A Cornell researcher has created an extremely efficient transistor made from a material that may soon replace silicon as king of semiconductors for power applications.
Junxia Shi, a graduate student in the laboratory of Lester Eastman, the John Given Foundation Professor of Engineering, developed the gallium nitride-based device, which could form the basis for the circuitry in products from laptops to hybrid vehicles to windmills to other power electronic systems.
The patent-pending device is a basic electrical switch made from the compound gallium nitride, a material with unique electrical properties that Eastman and colleagues have been studying for more than a decade. Research on their recent breakthrough was published in the journal Applied Physics Letters (July 28, 2009).
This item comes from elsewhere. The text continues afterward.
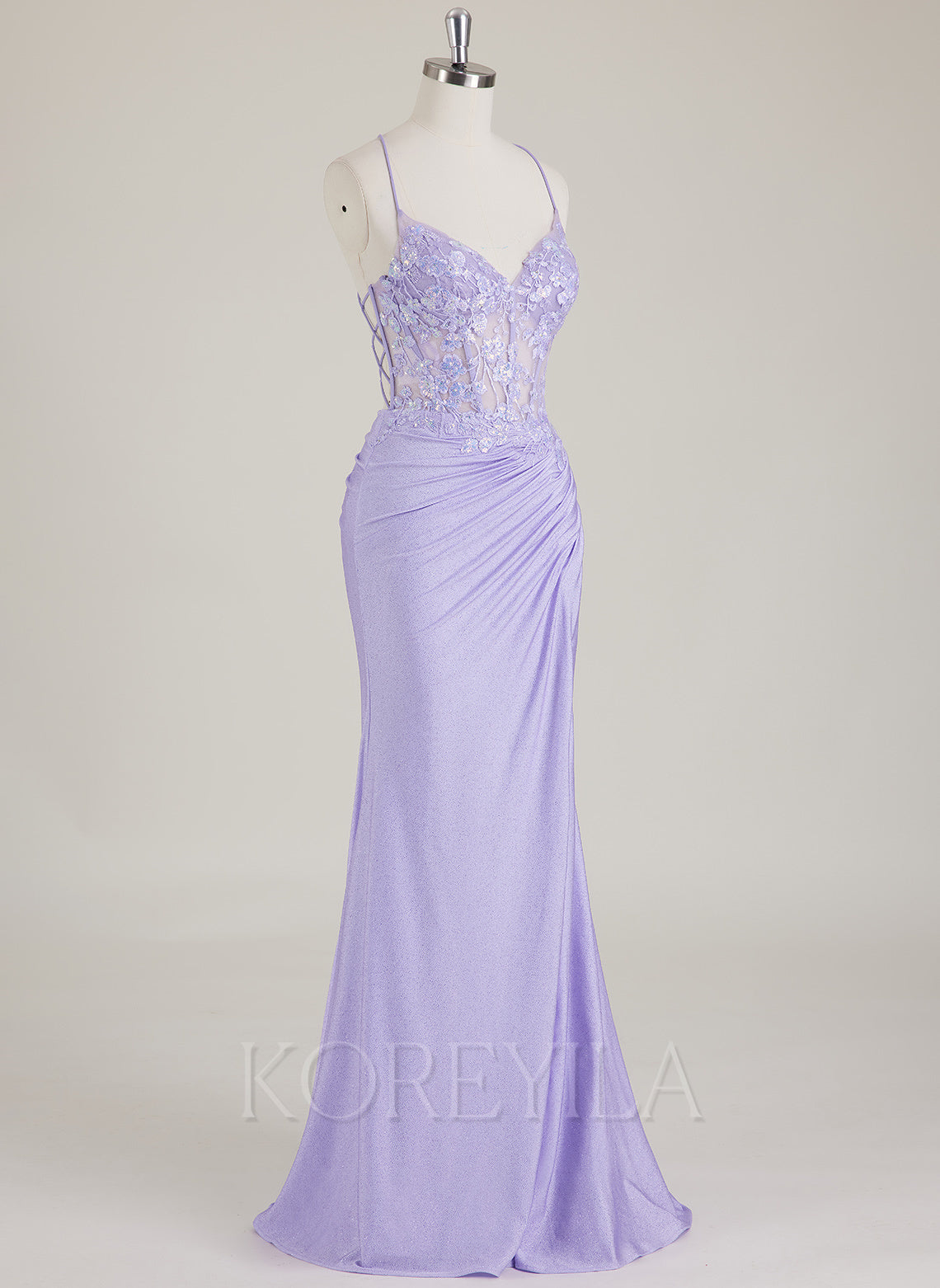 Spaghetti Straps V-Neck Sequins Jersey Trumpet/Mermaid Maxi Dress With Leg Slit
The new transistor's on-resistance, or measure of resistance to electric current, is 10 to 20 times lower than today's silicon-based power devices. It also has a high breakdown voltage, which is a measure of how much voltage can be applied across a material before it fails.
The key to the device lie in gallium nitride's low electrical resistance, causing less power loss to heat, and its ability to handle up to 3 million volts per centimeter without electrical failure. Silicon, a competing material, can handle only about 250,000 volts per centimeter.
At the heart of improving electronics, Eastman says, is the ability to make devices that can switch electricity from high voltage to high current, which is a measurement of electrical applicability, while minimizing power loss.
"Power has to go from A to B in a machine with a high voltage transmission line to minimize power loss," Eastman says. "Before now, there were no electronic devices that could handle both high current and the high voltage, but our device can do it."
The transistors, which were made with Cornell nanofabrication equipment, might one day power everything from hybrid electric vehicles to Navy destroyers. In fact, the U.S. Navy first funded Cornell's research into gallium nitride transistors more than 10 years ago and is a major funder of Eastman's research today.
In next-generation electrical devices, "you want to have the power that's coming out to be not much less than the power that's going in," Eastman says. "This is the best material we know of that can do this conversion without loss of energy."
Shi and Eastman have a provisional patent on their device. The New Jersey-based company Velox Semiconductor and Motorola spinoff Freescale Semiconductor have also helped fund the research, with the hope of producing the devices at an industrial scale.